Oslo, June 25 -- The Chinese aluminum market is facing a 1.26 million mt surplus in 2010 that should lead to production cutbacks in the second half of the year, according to estimates by China Minmetals.
"Personally I don't think the Chinese domestic market could absorb such a big surplus for a second year," Wang Feihong, senior analyst at China Minmetals Non-Ferrous Metals Co, said Wednesday.
"The calculation means that we would see a production cutback in the second half of this year. That's just my personal prediction," he said.
Speaking at CRU's 15th world aluminum conference in Oslo, Wang said he expected that the 1.26 million mt surplus faced by the country's aluminum market would occur despite a strong growth rate in aluminum consumption forecast this year.
The analyst said aluminum demand still looked "healthy" across all sectors in China, and Minmetals forecast an 18% growth in aluminum consumption to 16.34 million mt in 2010.
"In history, there was a strong rebound of aluminum consumption after each financial crisis. There is no exception this time," he said.
Wang pointed to a tightness in the aluminum scrap market that is contributing to primary aluminum consumption growth. He said secondary alloy producers, who usually rely on scrap, now tended to use primary aluminum and the price differential between the primary and scrap metal has been falling since early 2010.
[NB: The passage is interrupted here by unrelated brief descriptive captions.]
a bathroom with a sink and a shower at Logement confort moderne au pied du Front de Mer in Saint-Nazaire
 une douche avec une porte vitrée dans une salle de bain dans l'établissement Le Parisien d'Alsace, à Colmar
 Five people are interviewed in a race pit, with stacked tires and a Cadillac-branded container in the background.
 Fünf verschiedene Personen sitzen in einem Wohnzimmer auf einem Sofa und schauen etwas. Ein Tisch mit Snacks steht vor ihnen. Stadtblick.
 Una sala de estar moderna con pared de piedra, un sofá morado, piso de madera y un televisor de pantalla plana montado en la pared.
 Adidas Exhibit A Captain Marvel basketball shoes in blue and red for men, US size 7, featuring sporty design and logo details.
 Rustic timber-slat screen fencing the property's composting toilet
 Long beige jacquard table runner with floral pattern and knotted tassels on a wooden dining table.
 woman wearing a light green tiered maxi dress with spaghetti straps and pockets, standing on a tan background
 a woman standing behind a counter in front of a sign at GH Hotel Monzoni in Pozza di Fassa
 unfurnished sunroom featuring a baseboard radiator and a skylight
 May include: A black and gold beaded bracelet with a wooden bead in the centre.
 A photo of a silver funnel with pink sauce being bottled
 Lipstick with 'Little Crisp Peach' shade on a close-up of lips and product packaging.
China's primary aluminum output is forecast to grow to just above 18 million mt this year, Wang said, adding: "Definitely, we will see another great leap forward in this year for production.".
Speaking to Platts on the sidelines of the conference, Wang said that the lower aluminum price may also lead to production cutbacks.
Aluminum for three-month delivery on the London Metal Exchange closed at $1,942/mt Wednesday.
"In the Chinese domestic market, the price is even weaker than the LME, which really hurt Chinese smelters," Wang said, adding that if the lower prices are maintained at the same level for a long time, they will "squeeze the profitability of Chinese smelters and then lead to production cutbacks."